The Judge of the National Labor Court having heard the petition for judicial review, ruled, confirming the Hearing Officer’s ruling that the retirement pensionprovided for under the Labor Practices Law (1961) is distinct from other retirement benefits under the National Social Security & Welfare Corporation Act, and both are payable to an employee upon his/her retirement. She confirmed the Ministry ofLabor’s ruling, awarding the total sum of L$1,044,226.00 (ONE MILLION, FORTY-FOUR THOUSAND, TWO HUNDRED and TWENTY-SIX LIBERIAN DOLLARS), making no reference in her ruling to the subsequent additional award made by the Hearing Officer for one month salary and one month leave pay which was challenged by the appellant. This issue of the award of the one month pay and one month leave pay shall be addressed later on in this Opinion.

The salient issue which this Court must delve into is whether Co-appellee Doweh is entitled to receive retirement pension from his employer, LBCC/appellant, in addition to retirement pension due him under the National Pension Scheme of the National Social Security and Welfare Law?

To answer this issue it is imperative that we first review the contentious provisions of both the Labor Practices Law (1961), PART V, Social Welfare, Section 26,“RETIREMENT PENSIONS”, the National Social Security and Welfare Law of1980, Title 22a – Liberian Code of Laws Revised, applicable statutes, case laws, and then make a determination as to whether Co-appellee Doweh is entitled to receive retirement pension from his employer in addition to his pension from the National Social Security and Welfare Law.

It is the law that the canons of statutory interpretation and application are mandatory and must be strictly adhered to. The Abi Jaudi & Azar Trading Corporation v The Monrovia Tobacco Corporation, 35 LLR 22, 34(1998). These canons do not only require that the focus of courts in interpreting statute must be restricted to the act itself to determine the objective of the Legislature but that to ascertain said legislative object, the occasion and the necessity of the enactment, and in some cases, public policy should be given serious consideration.Commercial Fisheries Corporation v. PUK YANG Fisheries, 35LLR 534 546, (1998); Roberts v. Roberts 7 LLR 358 (1942). An essential canon of statutory interpretation is that statutes are to be construed as they were intended to be understood when they were passed; they are to be read in the light of the attendant circumstances existing at the time of their enactment. Brown, et al. v. Republic, 22 LLR 121 (1973). The statutory constructional principle of in pari material, whichmeans “of the same matter; on the same subject, or two laws relating to the samesubject matter must be analyzed with each other, requires that in interpreting the provisions of a statute, all provisions or sections relating to the same subject, or provisions, having the same general purpose should be construed together as though they constituted one law, or, one provision. They must be governed by one system, one spirit and policy. Commercial Fisheries Corporation v. PUK YANG Fisheries, 35LLR 534 546, (1998); Roberts v. Roberts 7 LLR 358 (1942); Abraham v. Cooper 21 LLR 157 (1972).

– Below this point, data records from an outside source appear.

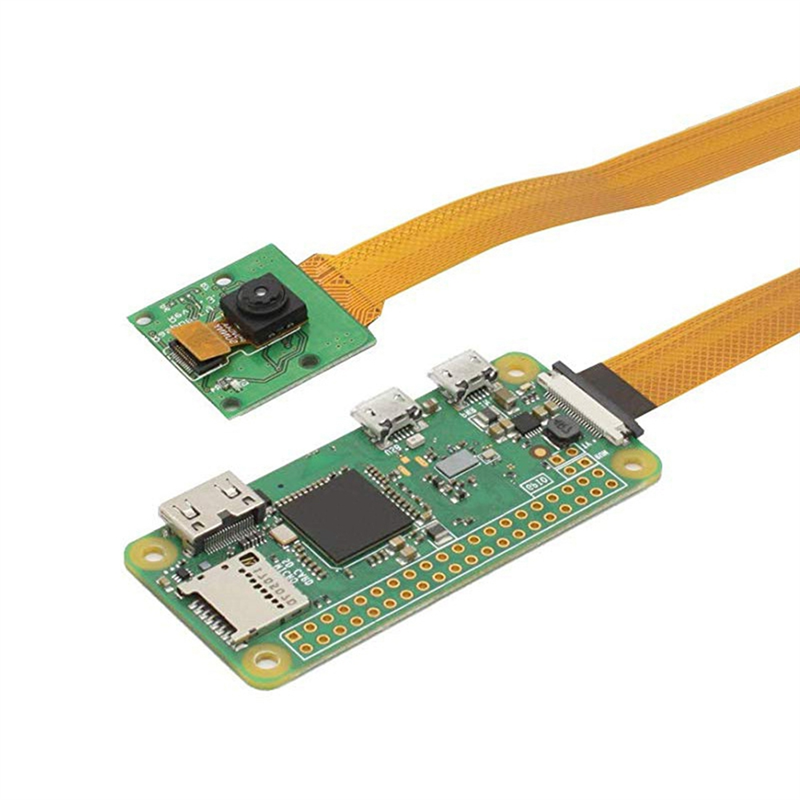 3Pcs Camera FFC Cable 15 Pin 2 - Raspberry Pi Zero のレビューと価格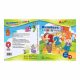 Carte de colorat pentru copii Kiddo Books Numere în culori 5014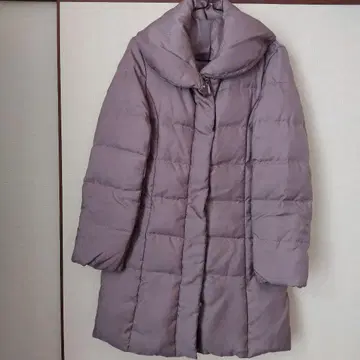 다운 코트 여성용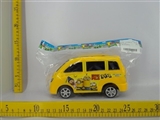 OBL672053 - 小黄人惯性商务车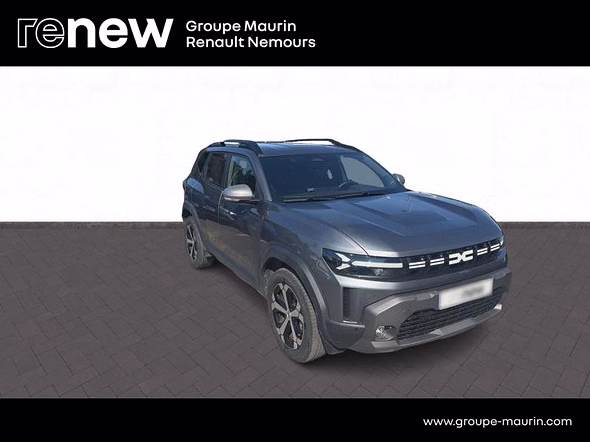 DACIA Duster 1.6 hybrid 140ch Journey - Vue 3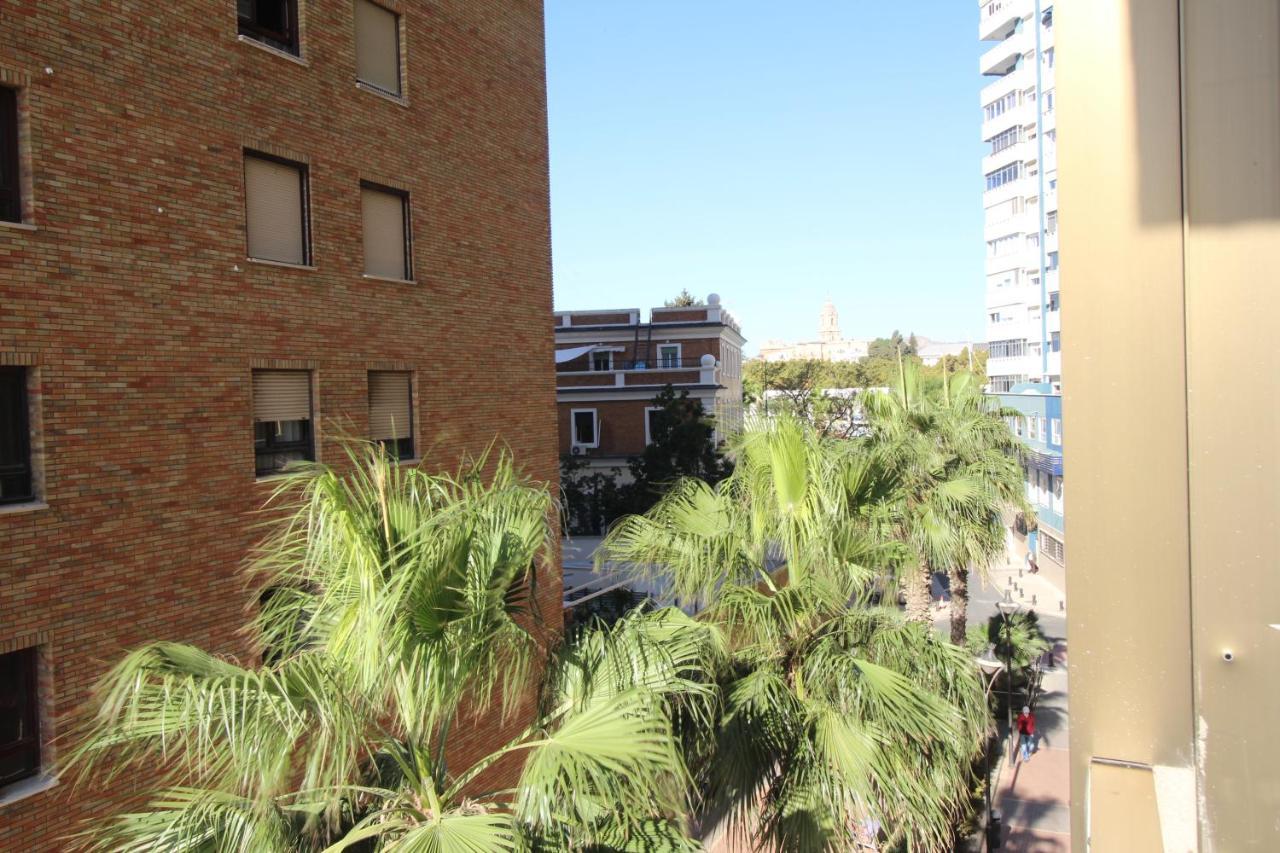 Ferienwohnung Del Parque Flats La Joya De Málaga Exterior foto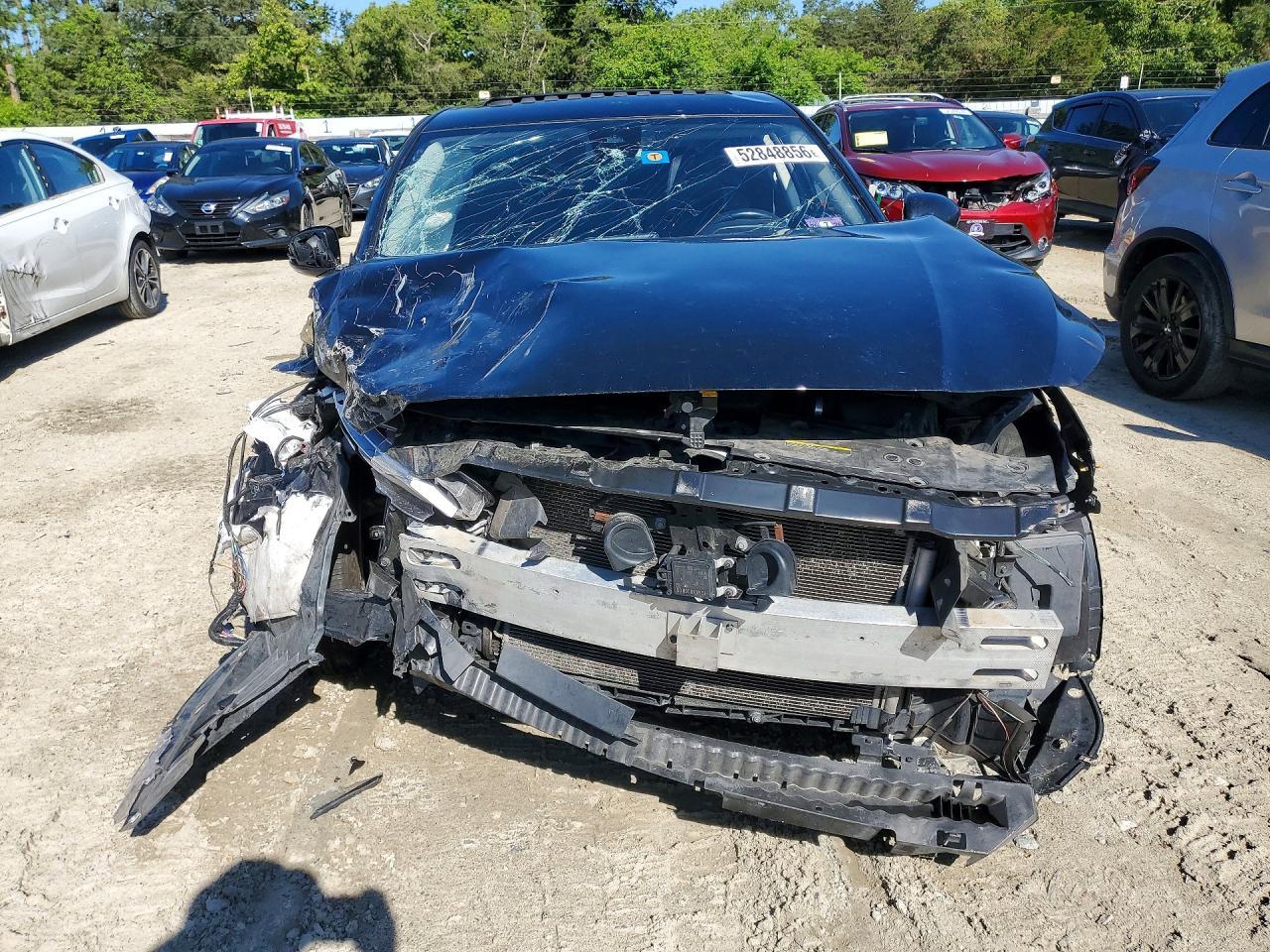 2019 Nissan Altima Sv - zdjęcie 9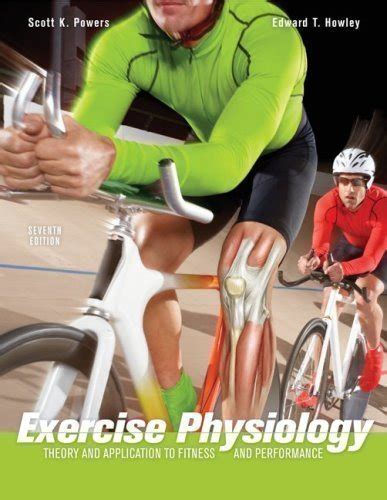 powers howley exercise physiology 7th edition PDF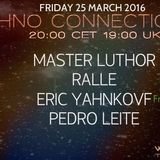 M@ster @ Technoconnection UK 25-03-2016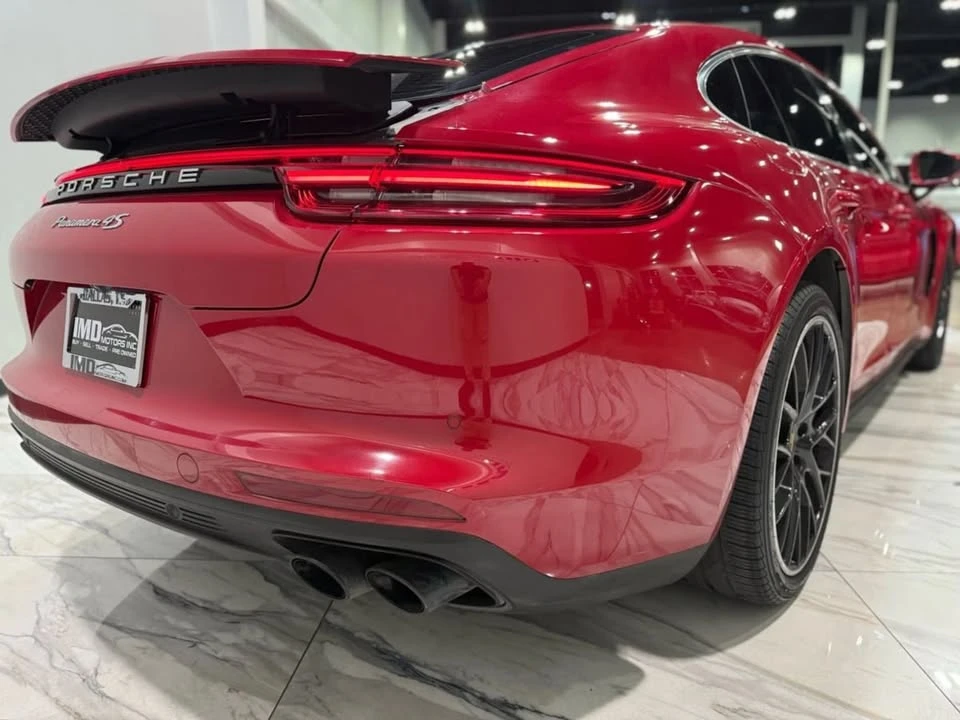 2018 Porsche 971 Panamera - Image 10 of 20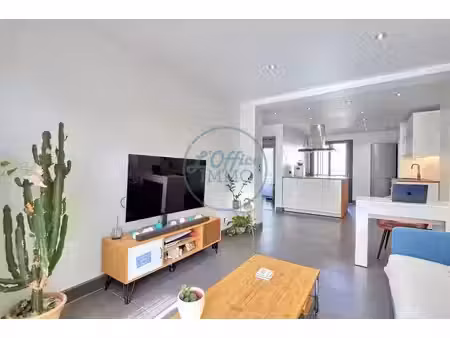 vente appartement 3 pièces 51.42 m² à hyeres (83400)  235 000 €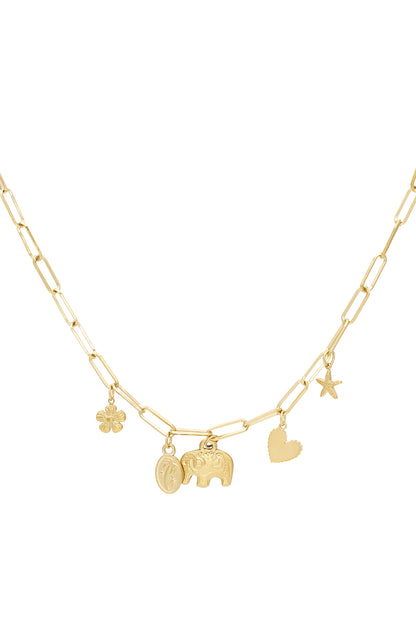 jolly charms ketting
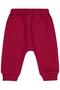 Simply Nice Printed 6-18 Months Single Bottom Baby - Claret Red 12-18 Months - 2
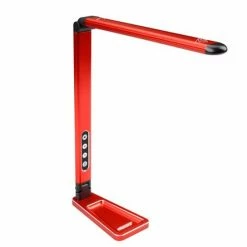 Corally LED Pit Light - Dimmable With Motion Sensor - Red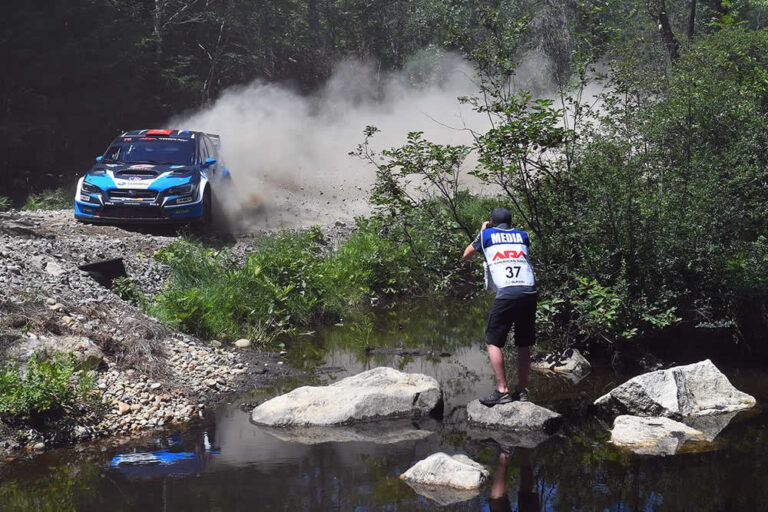 Higgins und Subaru dominieren in den USA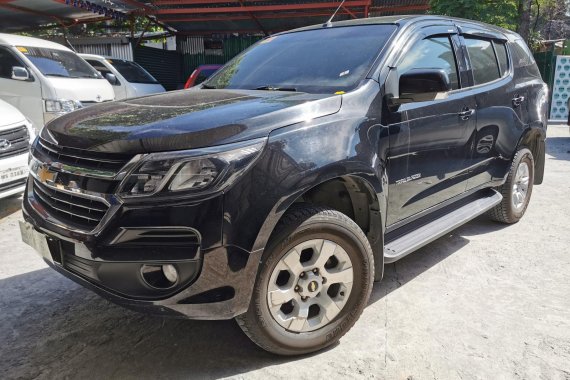 2019 Chevrolet trailblazer 4x2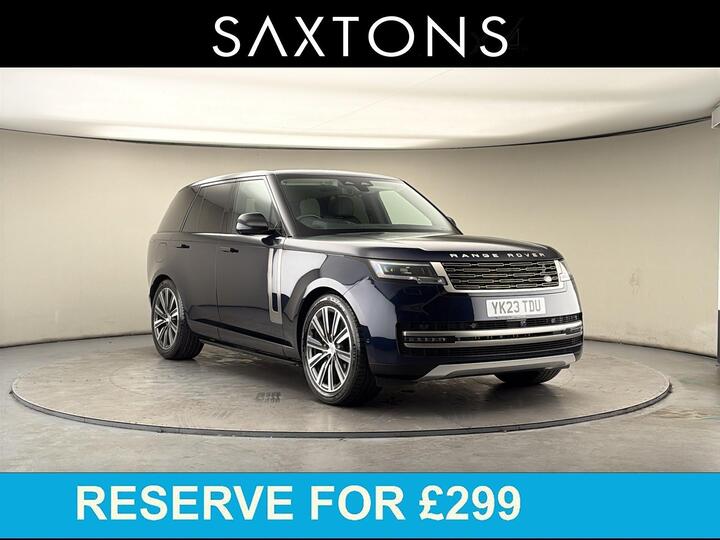 Land Rover Range Rover 3.0 P400 MHEV HSE Auto 4WD Euro 6 (s/s) 5dr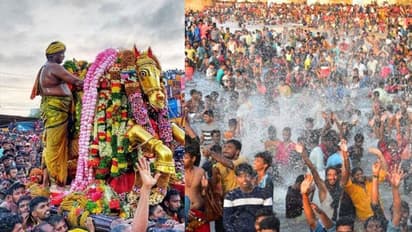 మదురై చితిరై ఉత్సవాల్లో తొక్కిసలాట.. ఇద్దరు మృతి, పలువురి పరిస్తితి విషమం..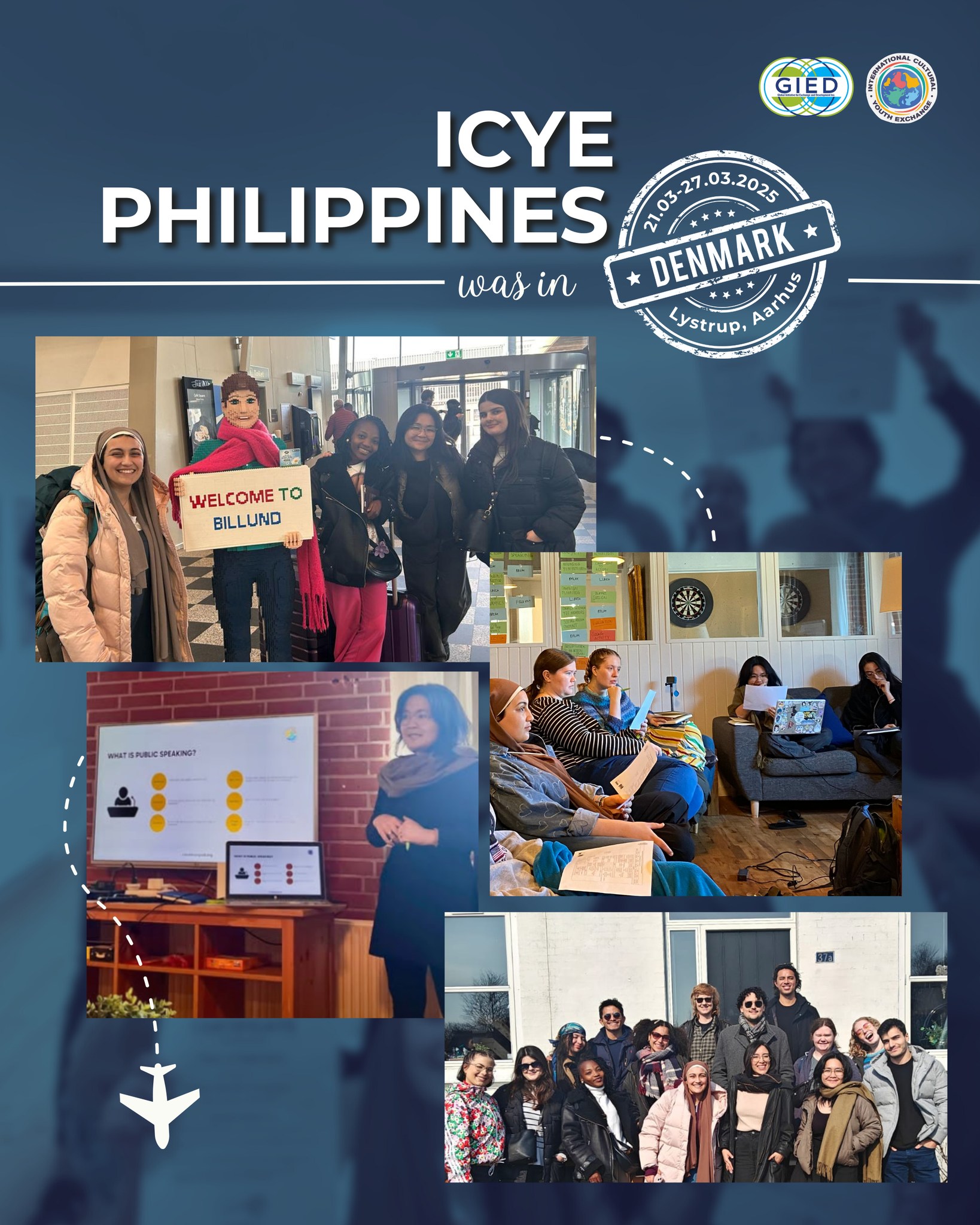 Global Initiative for Exchange and Development Inc. - GIED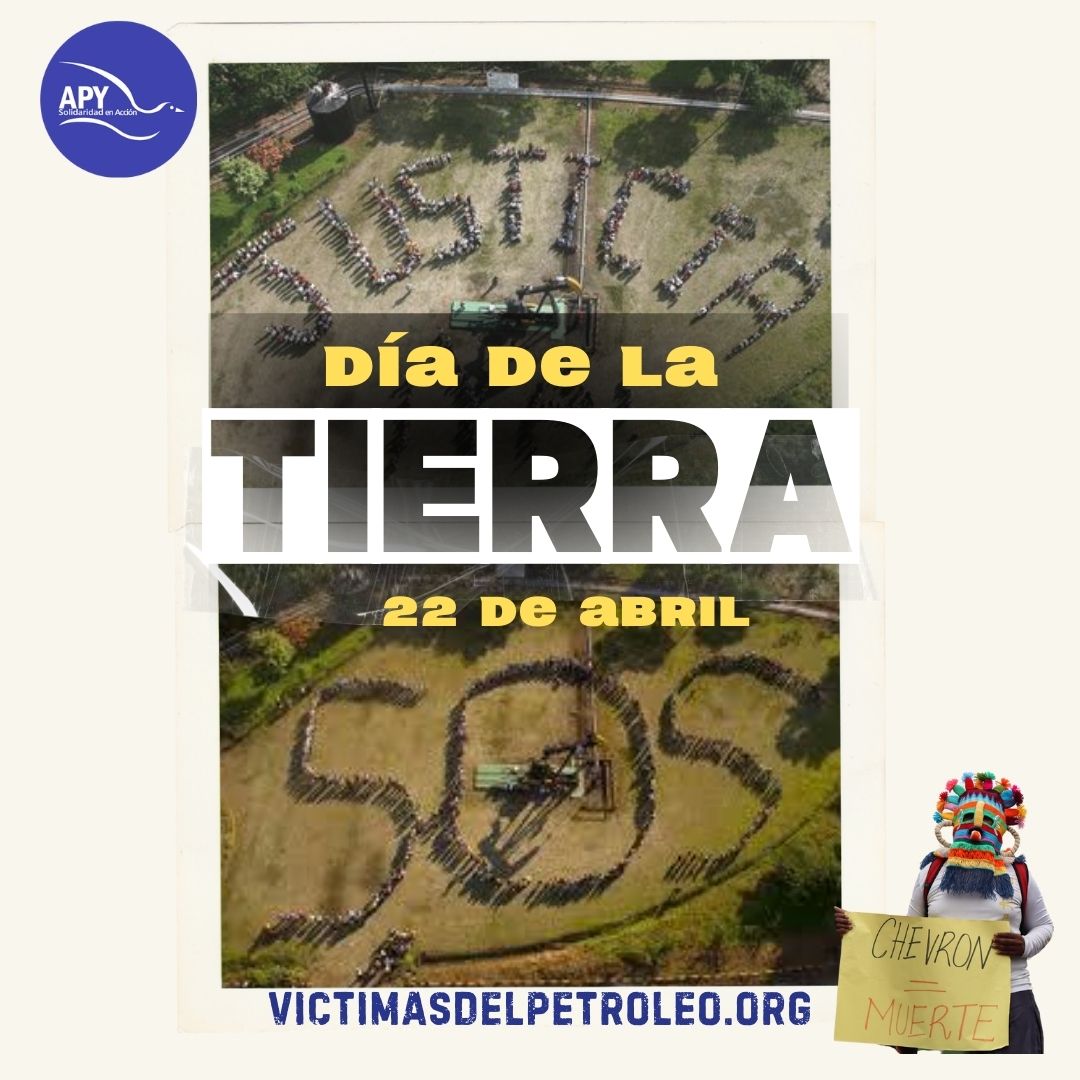 día de la tierra 22 abril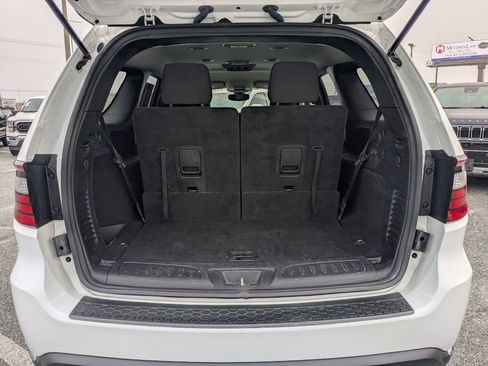 Used 2020 Dodge Durango SXT w/ 3rd Row Seating Group image 12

Therefore the relevant question here is what was the intent of the Legislature in enacting PRC Decree No. 14 establishing the National Social Security and Welfare Corporation and inserted therein sections 89.20 and 89.21 which provide for the requirement of pension and the minimum rate of retirement pension for certain categories of employees in the face of prior legislation, the Labor Practices Law, which had similarly addressed the issue of retirement pension for the identical category of employees. Was it the intention of the legislature that an employer be required to pay a person who has attained the requisite age or length of service a retirement pension under section 2501 of the Labor Practices Law and at same time under sections 89.20 and 89.21 of PRC Decree No. 14 establishing the National Social Security and Welfare Corporation? We think not.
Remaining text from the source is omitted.